I have been down the "reading signs that aren't there" road with straight guys before, so I tried not to take it to heart. Then, other, very trustworthy friends began to come to me and ask if something was going on between the two of us. I said no and they responded that they had noticed him attaching himself to me and being overly physical. I was glad to find that this was not just something I was imagining. Then things got weirder.

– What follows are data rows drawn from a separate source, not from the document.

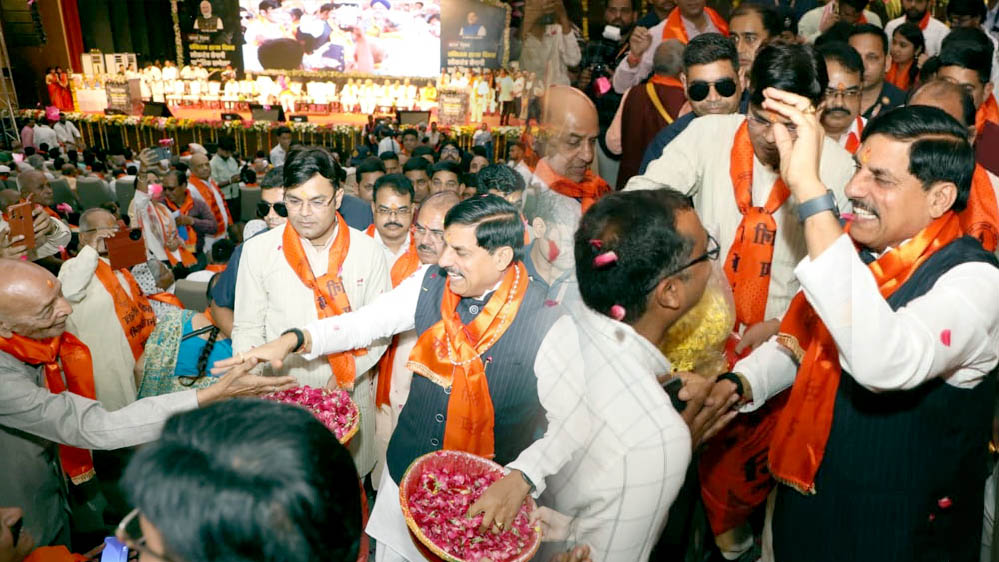CM मोहन यादव का कांग्रेस पर हमला, बोले- आपातकाल में लोकतंत्र को कुचलने का किया गया प्रयास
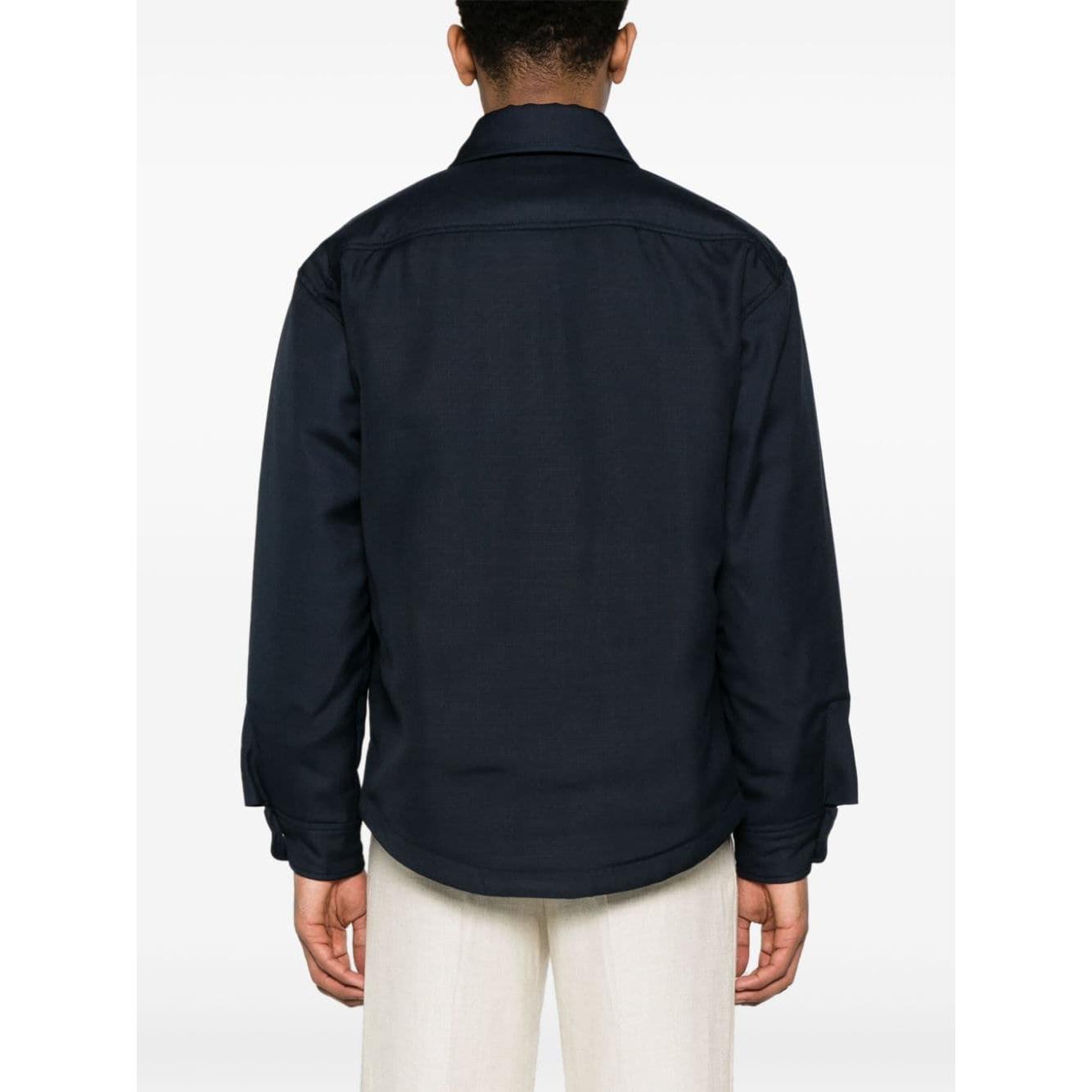 JACQUEMUS Shirts Blue Shirts JACQUEMUS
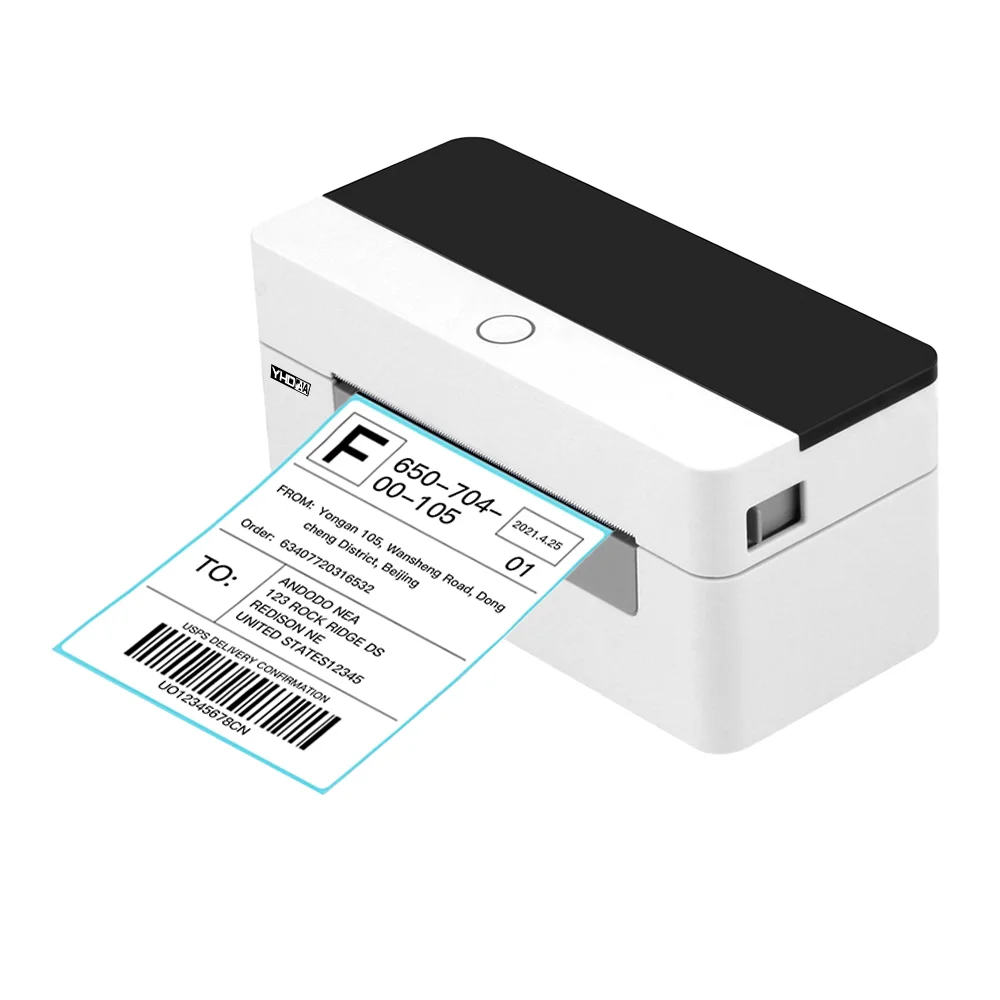 New Product Shipping Label Printer Direct Thermal Barcode Printer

My 21st birthday was a couple of weeks ago, and I did not ask for any presents. Despite this, "Jon" got me a present. But it wasn't a card, or a bottle of vodka. It was a shirt. From J. Crew. Last time I checked, people our age did not give each other clothes. To me, a shirt that nice means "I think you would look really good wearing this." I was dumbfounded. I just couldn't understand why he gave me this. I thanked him for it but informed him that it was not really something I felt like I would wear, and asked if we could go back to J Crew and pick something out together. He was fine with that as he had already told me he saved the gift receipt. So we went last Saturday and it turns out the closest J crew was a womens only. The saleswoman gave us an iPad and told us to browse the catalog and that she would order anything we found. So we picked out a shirt, Well actually, he kept picking out shirts and occasionally asking what I thought. I finally settled on something he showed me without paying too much attention. I just wanted to be out of there. Anyway, the woman informed him he would receive a $10 refund because this shirt was less than the one we returned. I looked at the iPad to see how much the one we decided on was. It was $65. HE SPENT $75 ON A SHIRT FOR A PLATONIC MALE FRIEND'S BIRTHDAY. At this point, I was flabbergasted. I had no idea what to do. I eventually confronted him about spending so much and he lied about the cost and claimed he set aside a "gift budget" each year because he likes giving people things. Bullshit. Last Christmas, he got me one 6th of an expensive concert ticket with some other close friends. Then he got me an additional, separate gift that could not have been less than $30. It's not everyone. It's me.
I just can't do it anymore. Is he in love with me? If so, what do I do? I can't put up with the lies. What do you think, JUB?